▶ EXERCISE AIM:
Give the lines below again, exactly as they stand, and leave out the images.

▶ DATASET EXTRACT:
*** Block opens ***

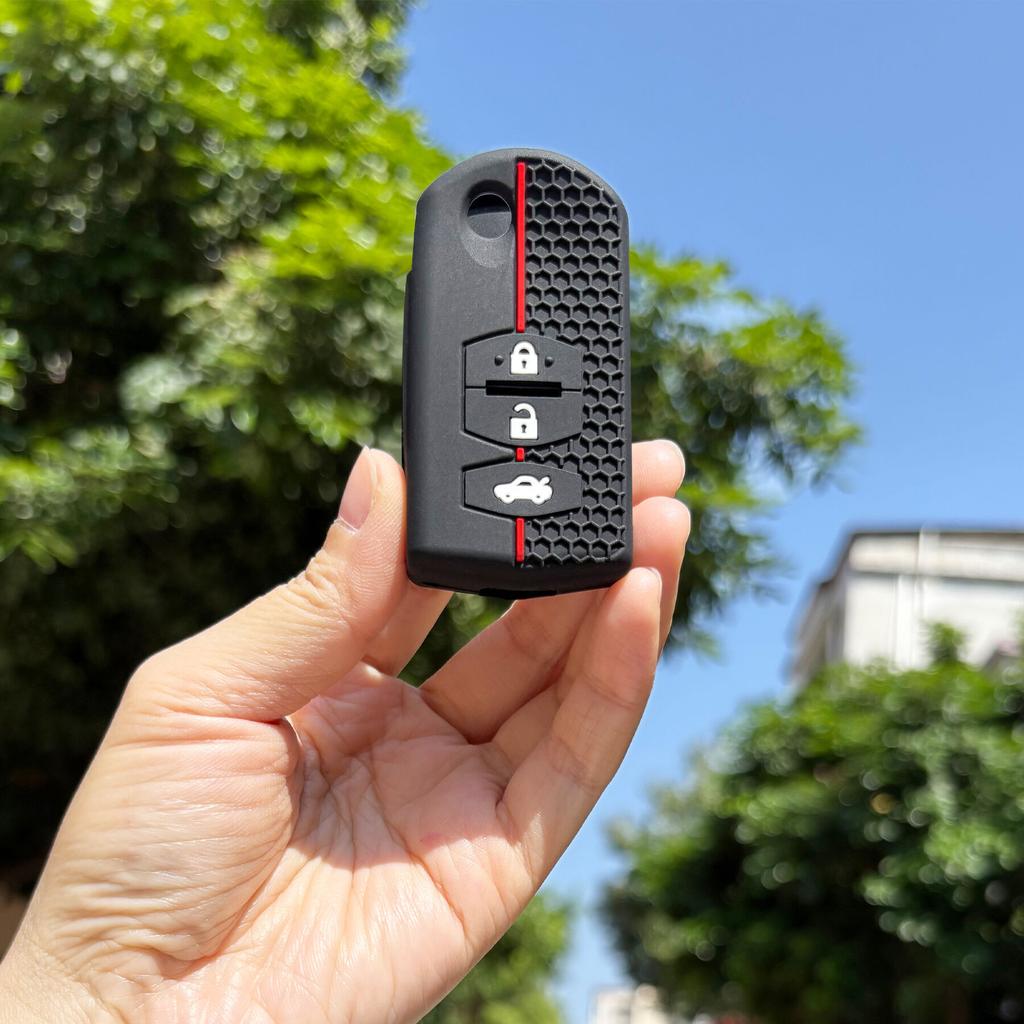 Keychain Key Case For Mazda 3 Bk 3 Bl 6 Gg M3 M5 M6 Cx-5 Cx7 Cx9 Rx8 Demio 2 3 5 6 Mx5 Mpv Silicone Keyboard Cover Fob Key Case
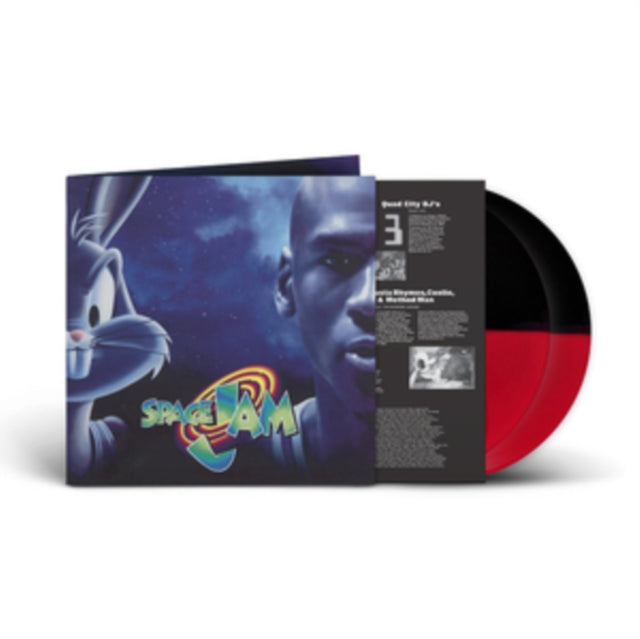 SPACE JAM SOUNDTRACK (RED AND BLACK VINYL) cover art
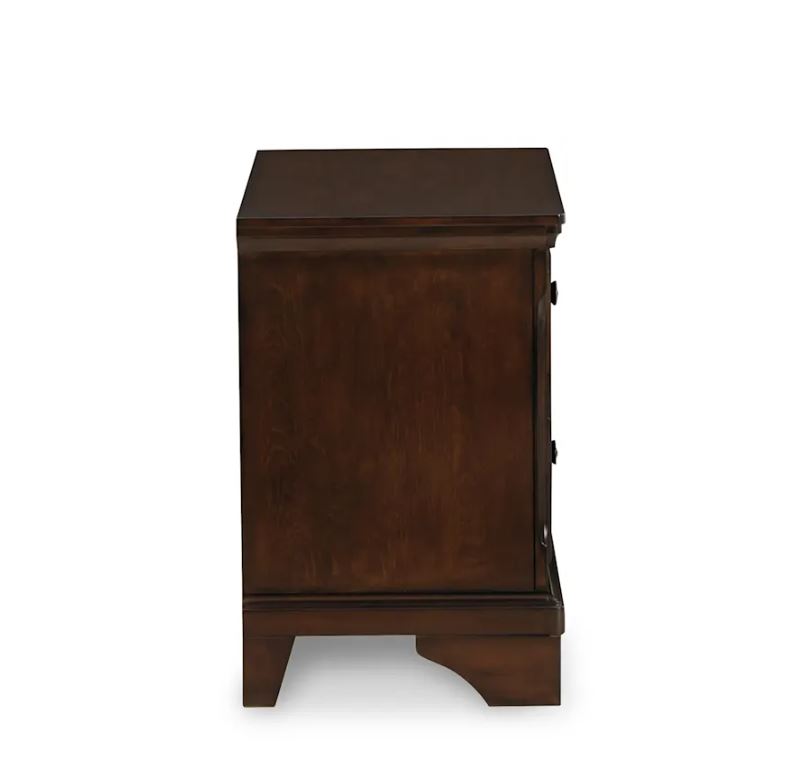 Brookbauer Two Drawer Nightstand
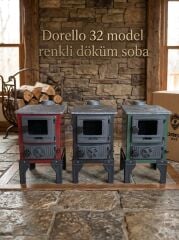 Dorello Renkli Döküm Soba Model DRL 32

*** Block closes ***

▶ OUTPUT OF THE TASK:
 Keychain Key Case For Mazda 3 Bk 3 Bl 6 Gg M3 M5 M6 Cx-5 Cx7 Cx9 Rx8 Demio 2 3 5 6 Mx5 Mpv Silicone Keyboard Cover Fob Key Case
 SPACE JAM SOUNDTRACK (RED AND BLACK VINYL) cover art
 Brookbauer Two Drawer Nightstand
 Dorello Renkli Döküm Soba Model DRL 32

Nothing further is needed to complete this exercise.